Vessels waiting berth have remained at anchorage for periods ranging from weeks to months. In the most extreme cases, more than three months of wait time has been reported.
Prolonged storage of cargo in a ship's holds created by these delays increases the risk of cargo damage or loss.
For this reason, Venepandi published a circular outlining precautionary measures for all vessels and crews, focusing on vessels loaded with food shipments such as wheat, corn, soybeans, sugar and rice:
- Monitor the cargo temperature at all times, if possible it would be useful to collect the temperatures from multiple points in each hold by using a calibrated digital temperature probe.

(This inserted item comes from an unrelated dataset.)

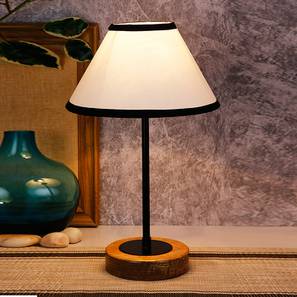 Kalel Multicolor Fabric Shade Table Lamp with Natural Wood & Iron Base-image-47
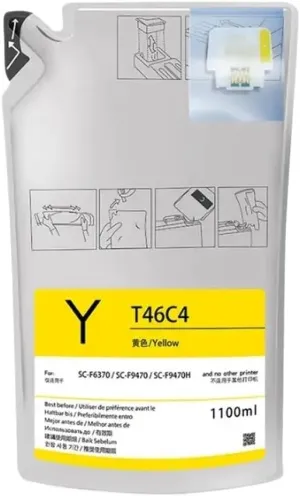 1100ML Ink Pack for Dye Sublimation Compatible with F6370 F9470 F9470H SC-F6370 SC-F9470 SC-F9470H T46C2 T46C3 T46C4 T46C8(46C4-Yellow)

- It may be important to record the appearance of all cargo throughout loading to ensure the accurate record whether or not any damage is discovered, also it is important take photographs throughout discharge to produce a comprehensive photographic record of the cargo condition prior and during loading and prior, during and after discharge.
- Each hold should be constantly and carefully inspected, the cargo must be inspected closely for any evidence of deterioration, mould growth, drip lines from condensation, insect infestations and any discoloration or malodours.
- If possible and necessary, the surveyors appointed should record any sampling that takes place, every sample should be double-bagged, clearly labelled and sealed with a numbered seal.
- In case the cargo has insects, the agents should request to the port and sanitary authorities to inspect the cargo and allow to carry out the fumigation meanwhile the vessel is on the anchored area, if there is not possible, it's advised to berth the ship at the OCAMAR port, because the authorities there allow to conduct fumigations on the pier.
- If is evidenced or suspect that the cargo has any sing of deterioration or infestation, or any damage is found during discharge, the crew should contact their P&I club immediately.